Later still, Nightmother Noctura would then set out on travels that took her deep into the Netherworld. She only briefly returned when the threat to those known to her was so great; a catastrophe on Naboo involving a mystical artifact run amok. Things had not been settled well, but they had been settled. Enough for people to pick up the pieces; and so the Nightmother vanished once more to complete her task elsewhere. There were greater threats that lurked in the deep, dark places of the Nether. Threats such as the one that threatened to tear the galaxy asunder on Naboo, and caused the internal collapse of the Confederacy.

Perhaps Vytal could not destroy every such threat, but she could buy the galaxy a good, long while before the first might surface; and hopefully only one calamity at a time at that.

It was one such a dark and dreary day amidst the mists of the Nether that Vytal felt the tremors from above. Something had gone horribly, inexplicably wrong. It didn't feel like a denizen of the Nether had torn free, but the threat was no less severe. The spirits said as much as they too churn under the rippling effects from the living world.

Black lips pressed together, the tattooed, pale Witch rose to her feet. How much time had passed, she wondered, since she'd last been among the living? There had been times she'd checked in on the Castle and its occupants, but only from afar. It would be too much for her to simply show up now and again disturbing the flow of their lives only to vanish once more. That's what she told herself, anyway. That made her travels no less lonely. Nor did it make her victories feel any more substantial. The spirits kept her company, but they were what they were. They did not think or feel or understanding in the way mortals did.

With a wave of her hand, a wreath of green flame formed a portal back to the material realm. Her emerald eyes narrowed at the broken scene beyond, curious where it would lead -- not quite to where she'd expected by far, but something must have drawn it there. Dressed in crimson, the pale woman of Dathomir stepped through and onto Malachor V. Lightning cracked above and she could feel just how thin the veil between worlds was where she stood.

Traveling by magic would not be difficult, but Vytal felt something had brought her here. Before she sought to step to another world, she set off in the direction of life or a base on the world so near regions held by the Sith Order. First she would understand where she was and then... then she would decide what followed.


 


The descent of Sabine shuttle was silent, deliberate a reflection of her nature. The sleek, obsidian vessel carved through the thin, turbulent skies of Malachor V like a blade, unmarked and bearing no symbols of allegiance or identity.
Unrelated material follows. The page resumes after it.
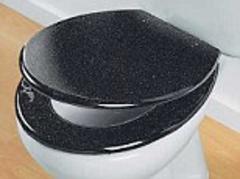 Warning over danger of falling toilet seats which send more than 1,000 boys and men to hospital every year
Its presence alone was declaration enough a remnant of a forgotten age come to walk among ghosts. The plateau where it landed jutted from the ashen desolation below, scarred by millennia of war and suffering. It was a place for ruins, for echoes of the fallen. A fitting ground for one who had outlasted empires.

The ramp hissed open, mist coiling as the poisoned air of Malachor bled into the shuttle’s controlled environment. She stepped into it without hesitation, her every movement measured, unhurried. Her black robes hung close, framing her tall, lean form The hood concealed much of her face, but not the glint of long, white hair falling like a silken banner against the storm-lit sky. Beneath the shadow of her cowl, amber eyes burned low and steady, not with rage—but with endurance. Survival. Purpose.
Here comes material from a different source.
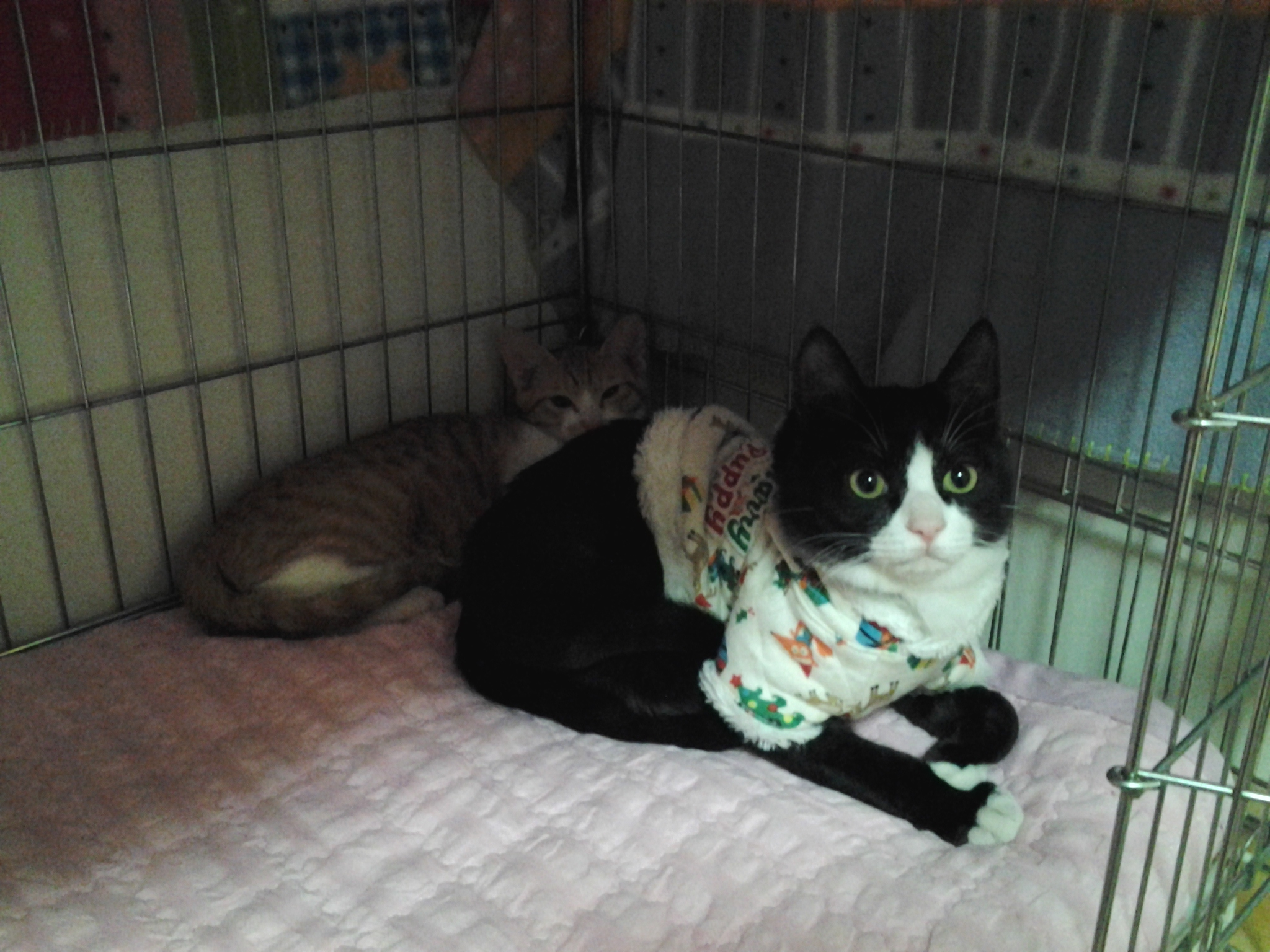 부산지부-사랑이 네뜨 입양왔어요^^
The Force here reeked of rot and collapse, a stagnant pool churning beneath the surface, steeped in death, betrayal, and the arrogance of long-dead civilizations. Sabine took it in. The wound of Malachor was old, but not healed. It never would be. She had known such wounds herself confined for centuries by Valkorian, tormented but never broken. His Empire had crumbled, as all do. And Sabine remained.

Malachor sang a familiar song.

Her senses swept outward, sensing the remnants of the Mass Shadow Generator's devastation, the weight of Jedi and Sith alike burned into the bedrock. This was a world where the past bled into the present, and where the veil between life and death hung thin. It amplified the tremors of the Force, the ripples in the galactic current that had called her here.
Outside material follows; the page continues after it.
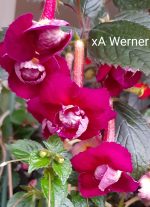 Achimenes Werner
Her servants mere shadows, less than whispers had brought news of fractured hyperlanes, of systems cut off, of order collapsing in on itself. But Sabine had felt it long before they spoke. Something deeper stirred beneath the surface of the galaxy. A shift not of empires, but of the Force itself. And she would feel the current with her own hands.

Her boots touched the cracked stone of the plateau, and the world seemed to hush. Lightning rippled across the sky, silhouetting the jagged spires of stone and shattered war machines, their carcasses rusting beneath centuries of ash and bone. Amber eyes scanned the horizon, not for threats, but for answers. The disturbance was not rooted here, but reflected, magnified through the scars of this world. A tremor a pulling tide gathered strength beneath the galaxy's surface.

Something stirs.

Her lips curled, faintly less a smile, more an acknowledgment. She was not here to halt the galaxy’s descent into chaos. She was here to understand it. To see where the cracks in the foundation would lead. And, perhaps, to shape them. Without word, without ceremony, Sabine pressed deeper into Malachor's hollowed heart. Her presence was anathema to to Malachor, as if she trespassed on hallowed ground. She cared little, let the dead rage she was here for answers.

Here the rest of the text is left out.